A PRESSURE SOLUTION FLOW LAW FOR THE SEISMOGENIC ZONE: APPLICATION TO CASCADIA

The Shimanto belt of Japan and the Kodiak Accretionary complex in Alaska expose rocks that were deformed during underthrusting along the subduction interface at conditions characteristic of the seismogenic zone. In these cases, interseismic strain is accommodated by simple shear in mudstones through slip on an anastomosing network of striated surfaces, which forms a scaly fabric. The dominant deformation mechanism in these systems is dissolution-precipitation creep, with diffusive mass transfer from slip surfaces to cracks. To investigate the impact of this ductile deformation on the evolution of slip deficit in subduction zones, we leverage a linear viscous constitutive relationship derived from natural mudstones (Kenis et al., 205) to derive a diffusive mass transfer (pressure solution) flow law that includes solubility as a function of pressure/temperature, grain size, and activation energy.
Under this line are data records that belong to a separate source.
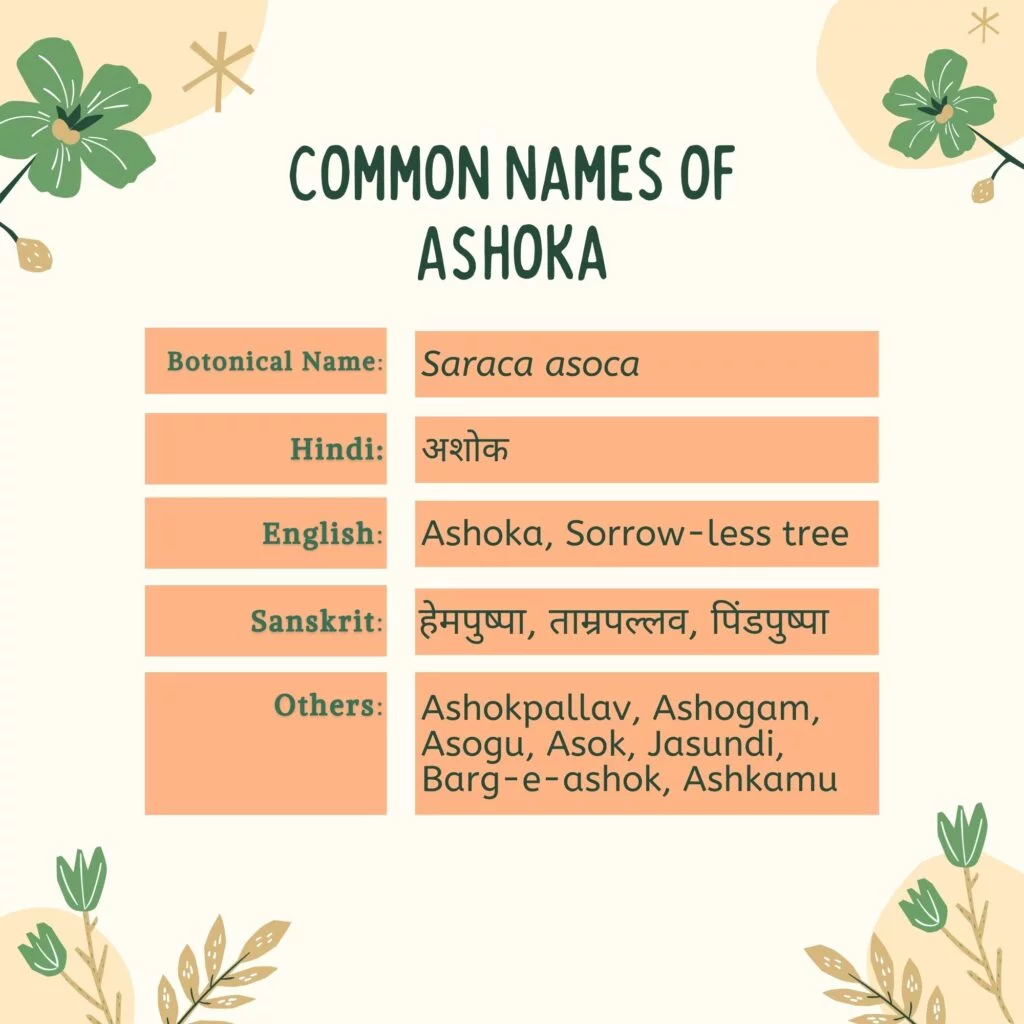 Common Names of Ashoka (Saraca asoca)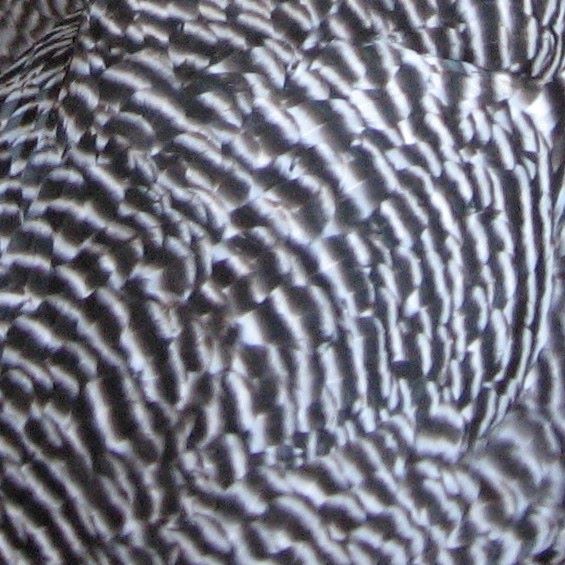 Barred Plymouth Rock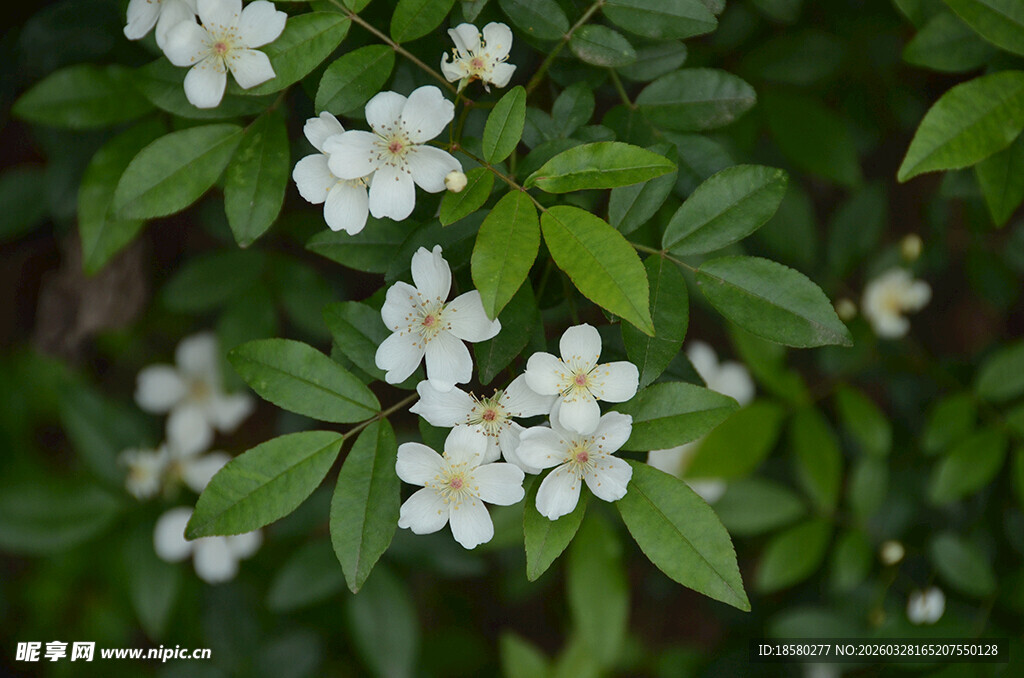 洁白小花七里香绽放绿叶间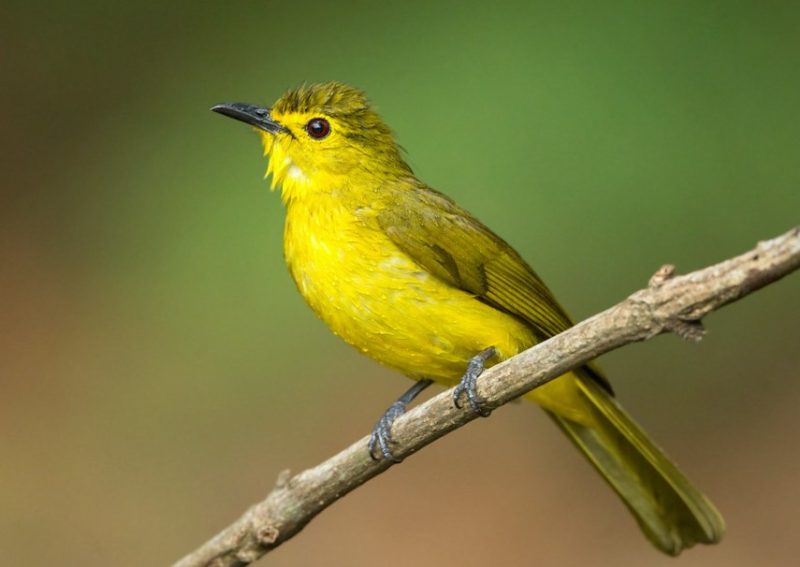 Black and Yellow Small Birds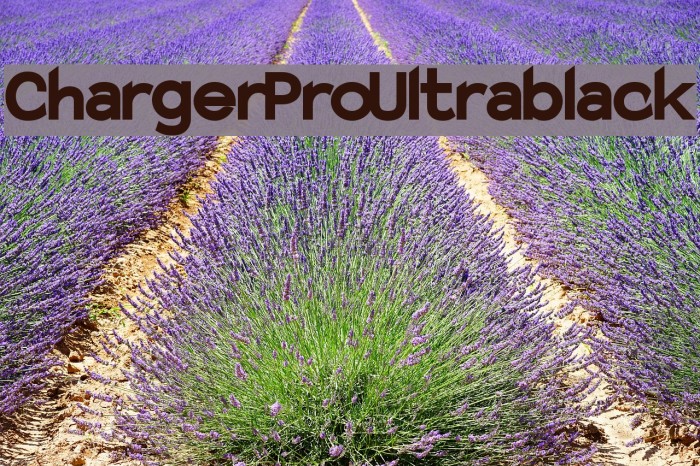 Charger Pro Ultrablack Example 2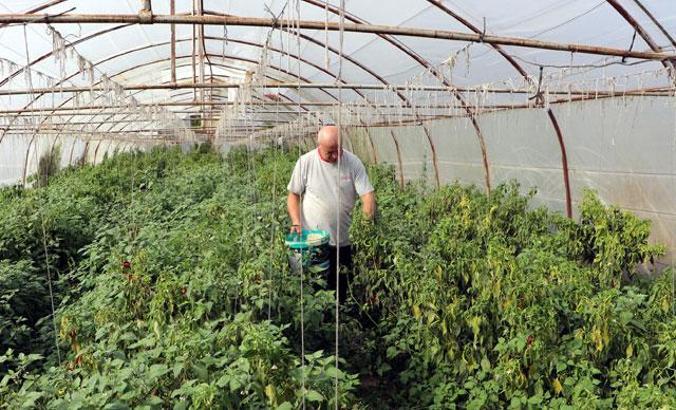 Meteoroloji dolu uyarısı yaptı, Tekirdağlı seracılar önlem aldı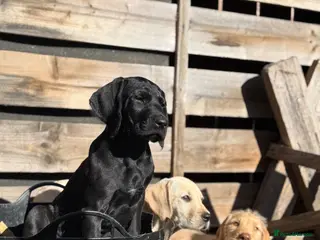 Mixed Breed dogs German wire haired pointer x vizla/doodle puppies - Advert 5
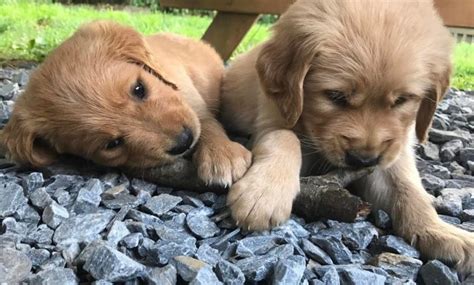 Golden retriever puppies for sale in oh. Un-Answered Issues With Golden Retrievers For Sale Near Me ...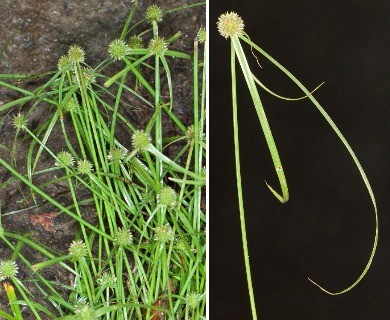 Cyperus brevifolioides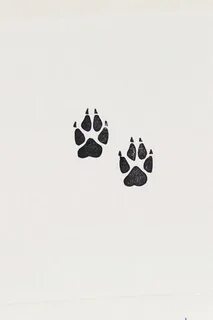 Tribal Wolf Paw Art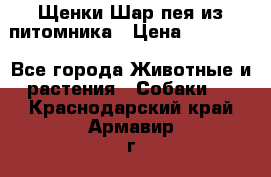 Щенки Шар пея из питомника › Цена ­ 25 000 - Все города Животные и растения » Собаки   . Краснодарский край,Армавир г.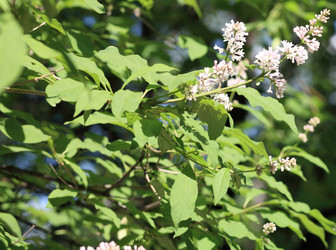 Similar image 529902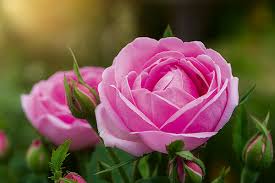 Image result for Rosengewächse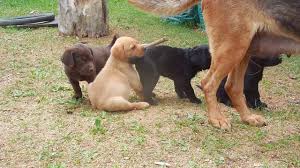 labrador mix welpen welche mixe gibt es uberhaupt
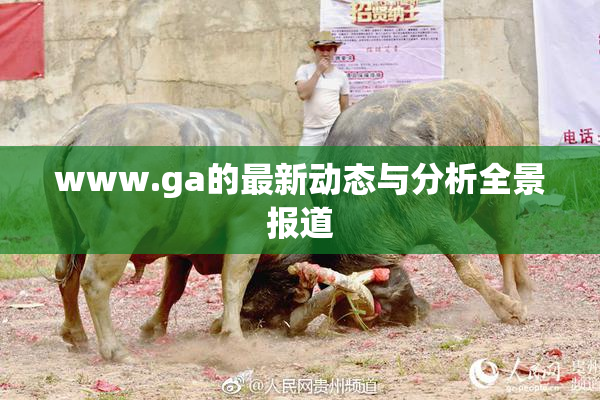 www.ga的最新动态与分析全景报道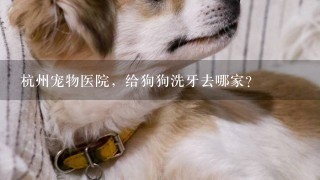 杭州宠物医院，给狗狗洗牙去哪家？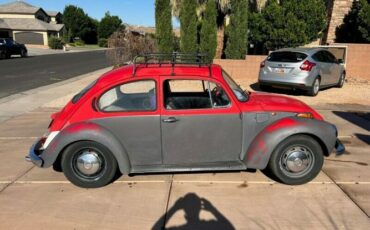 Unknown-Super-beetle-1973-Red-Gray-4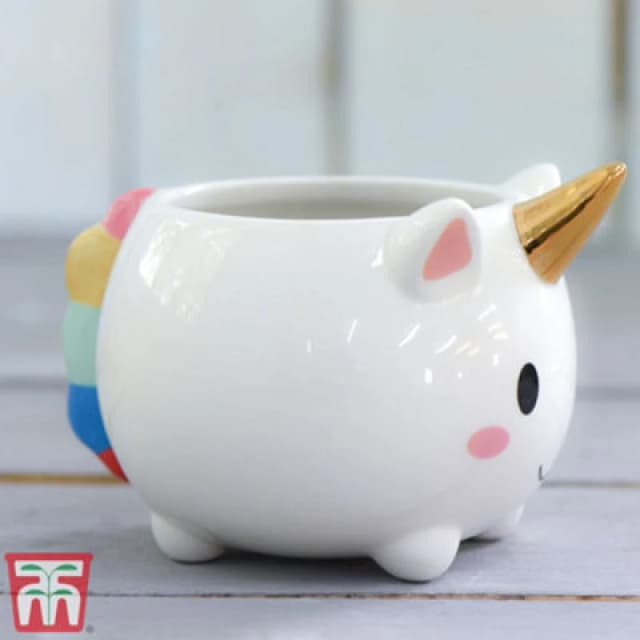 Thompson & Morgan Unicorn Pot With Gold Horn - 1 Pot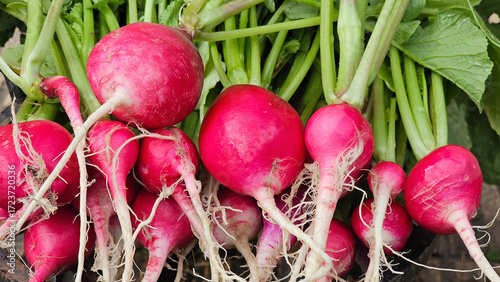 Cosecha de rabanitos de la huerta.
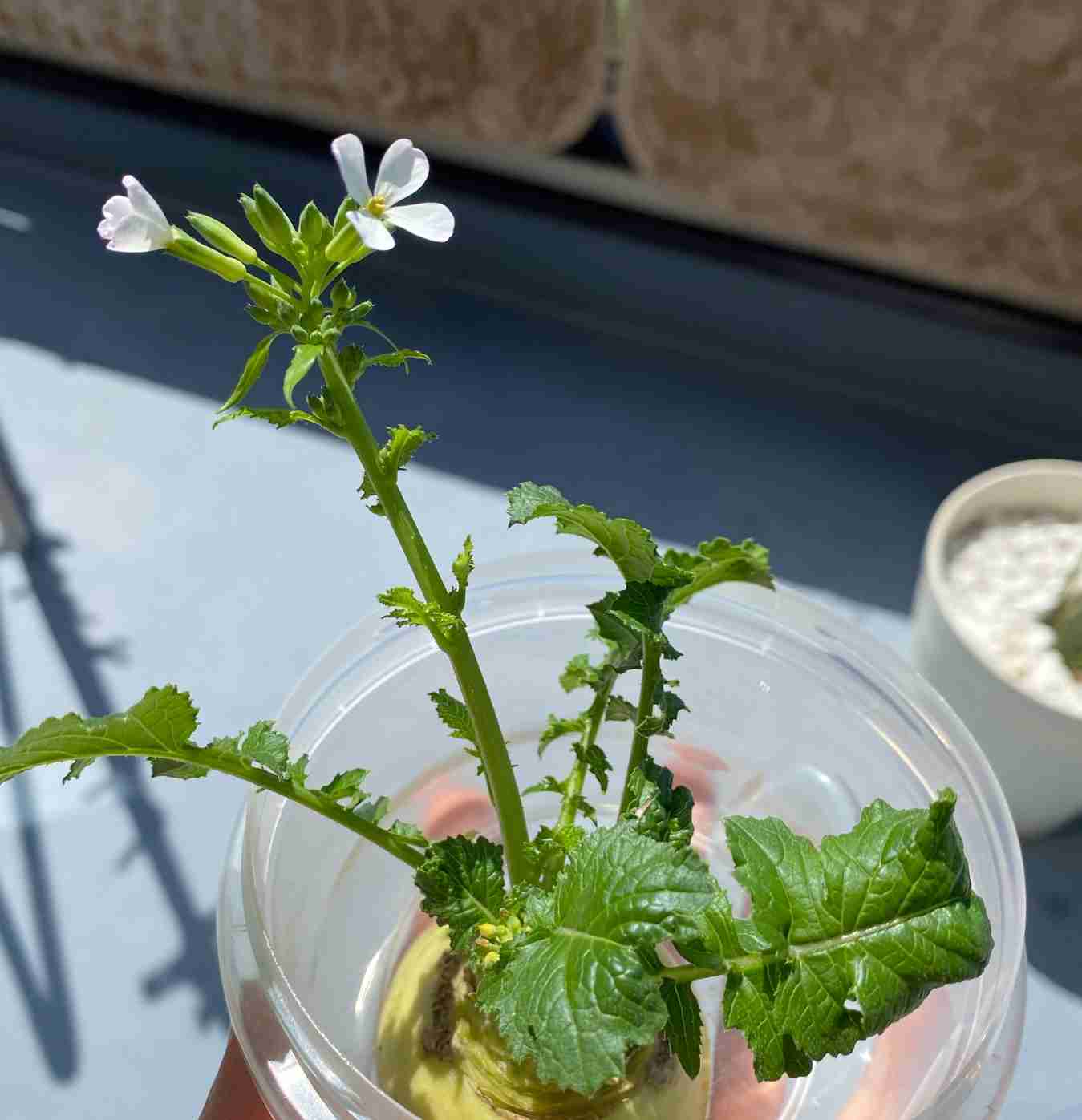 ついやってしまう一番小さい節約は？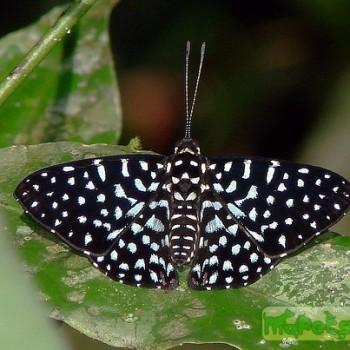 Napaea beltiana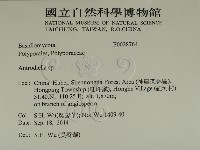 登錄號:F0028764藏品圖，第2張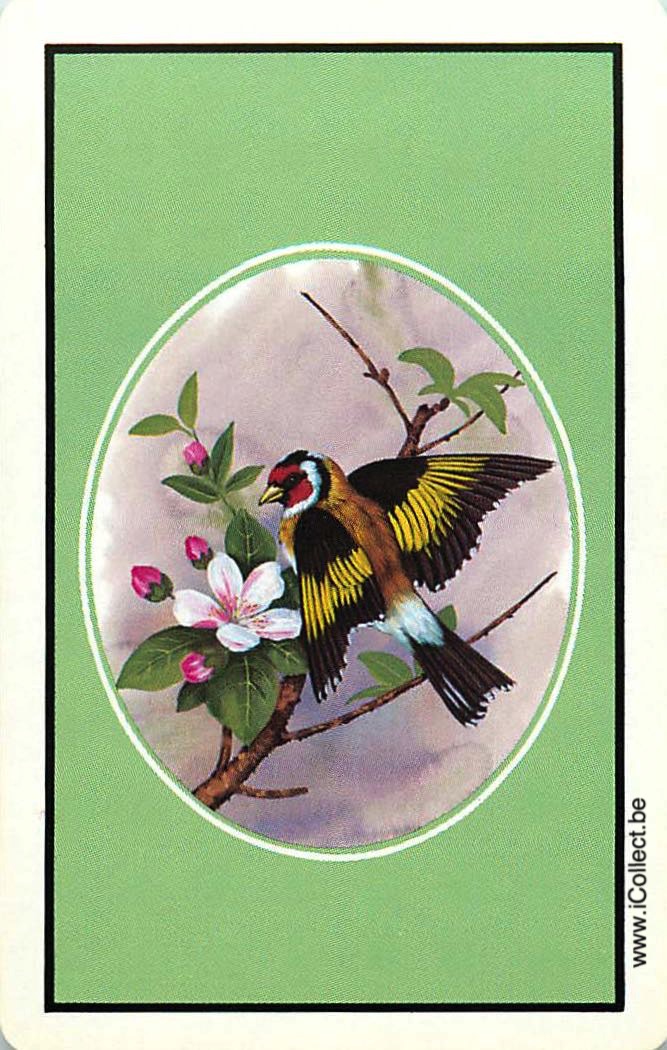 Single Swap Playing Cards Bird (PS12-41I)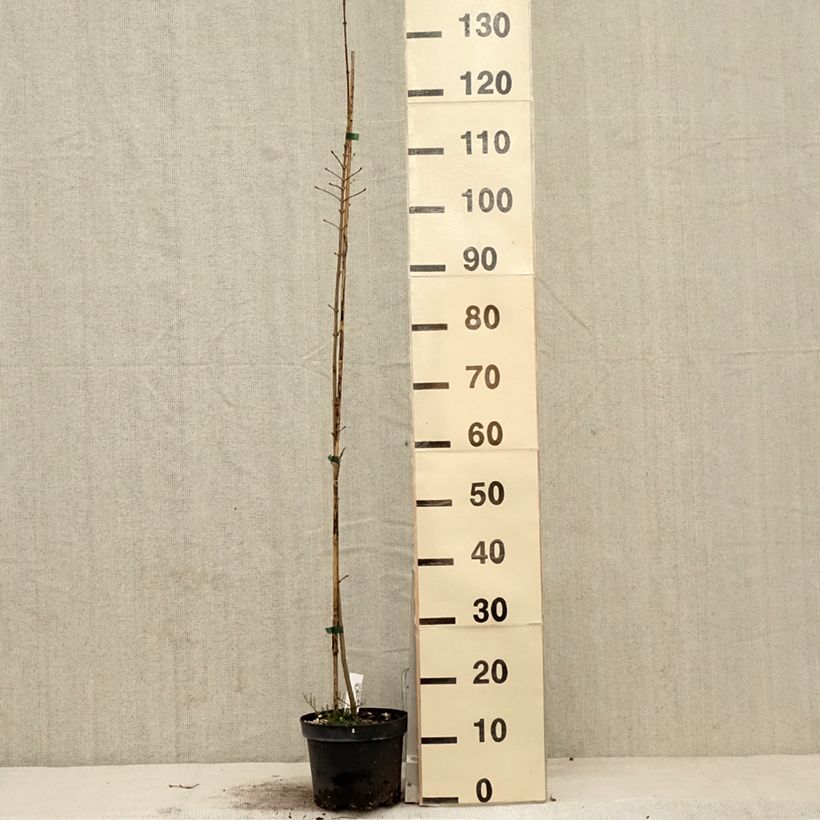 Acer Orientalia Minorient - Maple 3L/4L pot sample as delivered in spring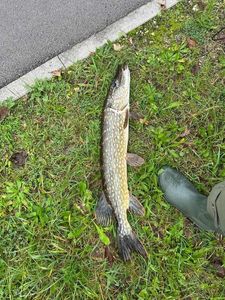 Northern Pike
This flow law is general and can be applied to any tectonic environment, but it is particularly well suited for making predictions about the interseismic behavior of subduction zones—an environment where the sedimentary inputs, plate kinematics, slip deficit, and the coupling ratio can be observed or constrained. We apply the flow law to the Cascadia subduction zone, where the thermal structure, geometry, relative plate velocity, and GPS velocity field is known. We find that the flow law can explain the observed tapering of the slip deficit accumulation rate in the forearc of the margin, with intriguing potential explanations for details of the tapering such as increasing grain size near the downdip end of the seismogenic zone or decreasing width of the plate boundary shear zone. The process of diffusive mass transfer from scaly fabrics to cracks likely plays more than a passive role (i.e., reducing the slip deficit with increasing temperature) by promoting interseismic strengthening and permeability reduction.